## Important instruction

For programming exercises only edit the code as shown in the following format.

```
##############################################

#Edit the following code

var1 = 3
var2 = 4
print(var1 + var4)

##############################################
```

You are open to experimenting with the other parts of code but you will only be awarded points if the question asked is answered which only needs finishing or making changes to the code in the above specified format.

## Question 7: Maximum Likelihood Estimation for Gaussian Distribution

You are given a dataset ```data_points``` that follows a Gaussian distribution. Your task is to find mean, variance and log likelihood by completing the functions ```calculate_mean_variance``` and ```gaussian_log_likelihood```.

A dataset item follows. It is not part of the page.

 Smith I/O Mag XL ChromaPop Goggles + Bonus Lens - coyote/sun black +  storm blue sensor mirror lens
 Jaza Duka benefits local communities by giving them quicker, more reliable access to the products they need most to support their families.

*For more information, refer to **4.2.3 Gaussian (Normal) Density** section of **Introduction to Machine Learning, 4th Edition, The MIT Press, 2020** by Ethem Alpaydın.*

In [17]:
import numpy as np

def calculate_mean_variance(data_points):
    n = len(data_points)
    ############################################################
    #Edit the following code

    mean = np.sum(data_points) / n
    variance = np.var(data_points)  # or np.sum((data_points - mean) ** 2) / n
    
    ############################################################
    return mean, variance

def gaussian_log_likelihood(mean, variance, data_points):
    n = len(data_points)
    ############################################################
    #Edit the following code

    log_likelihood = -n / 2 * np.log(2 * np.pi * variance) - np.sum((data_points - mean) ** 2) / (2 * variance)
    ############################################################
    return log_likelihood

data_points = np.array([1.2, 2.5, 3.8, 4.2, 5.6])

# Calculating mean and variance
mean, variance = calculate_mean_variance(data_points)

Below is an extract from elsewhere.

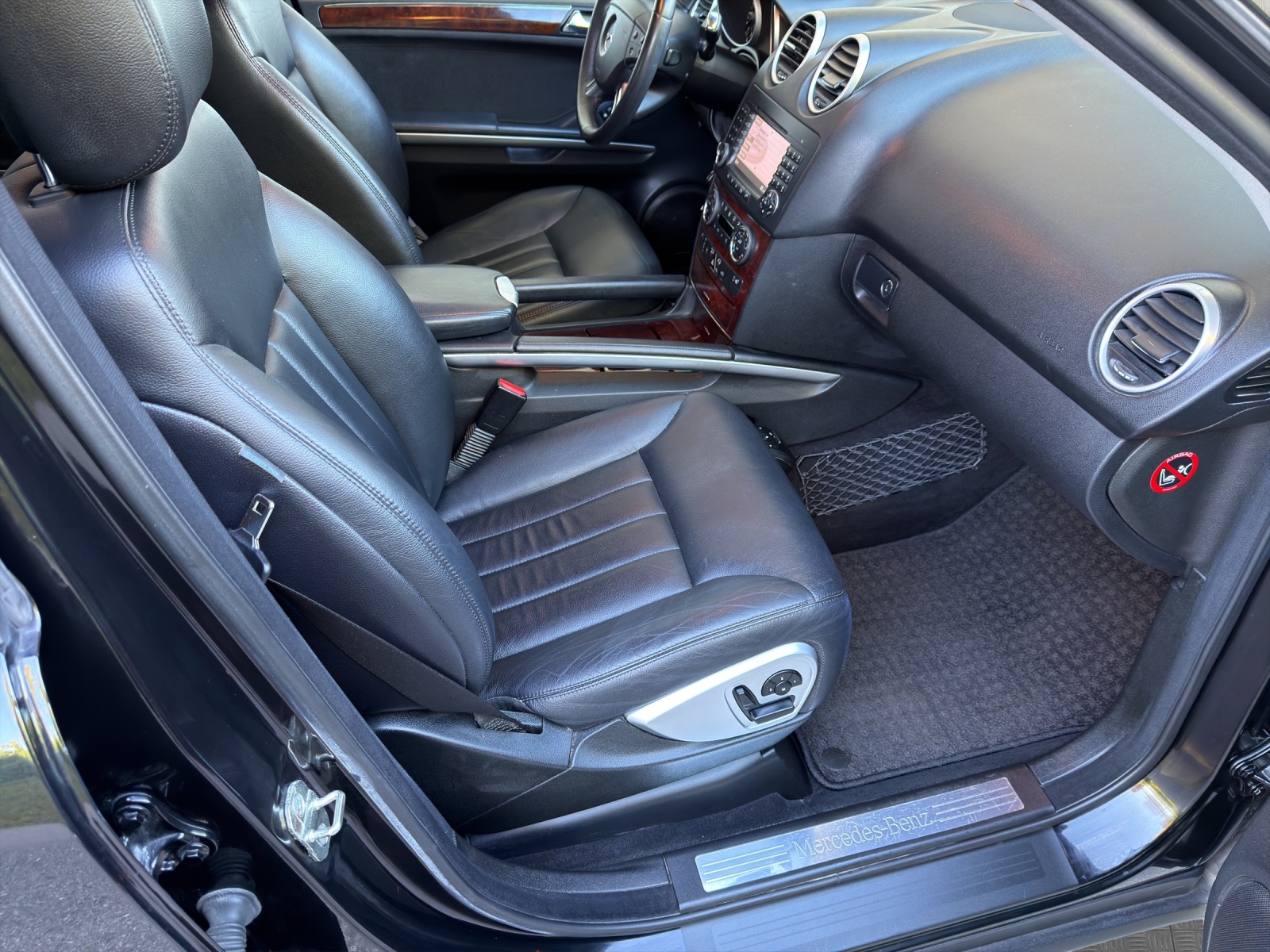 MERCEDES-BENZ ML 350 4Matic 7G-Tronic-image-12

# Calculating log likelihood
log_likelihood = gaussian_log_likelihood(mean, variance, data_points)

print("Mean:", mean)
print("Variance:", variance)
print("Log Likelihood:", log_likelihood)

Mean: 3.4599999999999995
Variance: 2.2543999999999995
Log Likelihood: -9.12690232142906


## Question 8: Analyzing Bias, Variance, and Error in Regression Models

Consider a dataset of oceanographic temperature and salinity measurements. The dataset has been loaded and split into training and testing sets. Three regression models have been applied to predict salinity based on temperature: Linear Regression, Polynomial Regression of degree 2, and Polynomial Regression of degree 5. The `calculate_metrics` function has been defined to compute bias, squared bias, variance, and error for each model.

Analyze the performance metrics (bias, squared bias, variance, and error) for each regression model obtained by finishing `calculate_metrics` funtion. Compare and contrast the models in terms of their bias, variance, and overall predictive performance.

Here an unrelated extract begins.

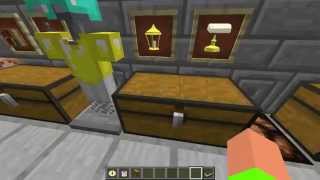 Minecraft Mod Show: Biblio Craft Mod (Deutsch/HD) 1.7.10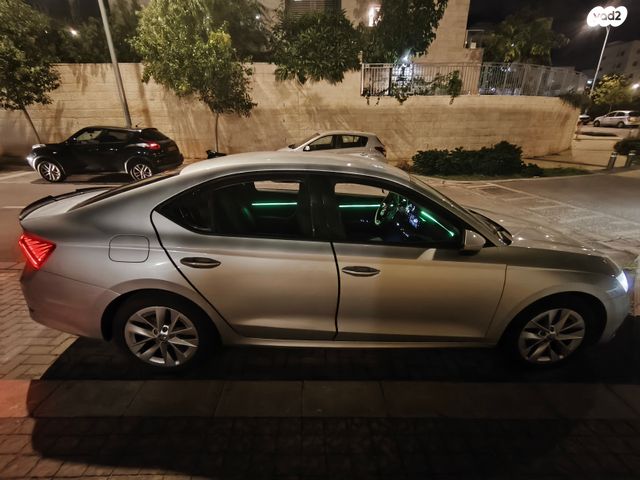 מודעת רכב סקודה אוקטביה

*For more information, refer to **4.7  Tuning Model Complexity: Bias/Variance Dilemma** section of **Introduction to Machine Learning, 4th Edition, The MIT Press, 2020** by Ethem Alpaydın. and [numpy documentation](https://numpy.org/doc/stable/reference/routines.statistics.html) for various attributes.*

In [20]:
import numpy as np
import pandas as pd
import matplotlib.pyplot as plt
import seaborn as sns
from sklearn.model_selection import train_test_split
from sklearn.linear_model import LinearRegression
from sklearn.tree import DecisionTreeRegressor
from sklearn.pipeline import make_pipeline
from sklearn.preprocessing import PolynomialFeatures

def calculate_metrics(model, X_test, y_test):
    ############################################################
    #Edit the following code
    y_pred = model.predict(X_test)
    true_mean = np.mean(y_test)
    bias = np.mean(y_pred) - true_mean
    bias_squared = bias ** 2
    variance = np.var(y_pred)
    error = np.mean((y_test - y_pred) ** 2)
    #do not use mean_squared_error from scikit learn package
    ############################################################
    return bias, bias_squared, variance, error

# Load the oceanographic dataset from the provided link
url = "https://raw.githubusercontent.com/JakeMWu/single-linear-regression-CalCOFI-oceanographic-data/main/tempsal.csv"
oceanographic_data = pd.read_csv(url, nrows=800)  # Use only the first 300 rows

# Remove rows with NaN values in 'T_degC' or 'Salnty'
oceanographic_data = oceanographic_data.dropna(subset=['T_degC', 'Salnty'])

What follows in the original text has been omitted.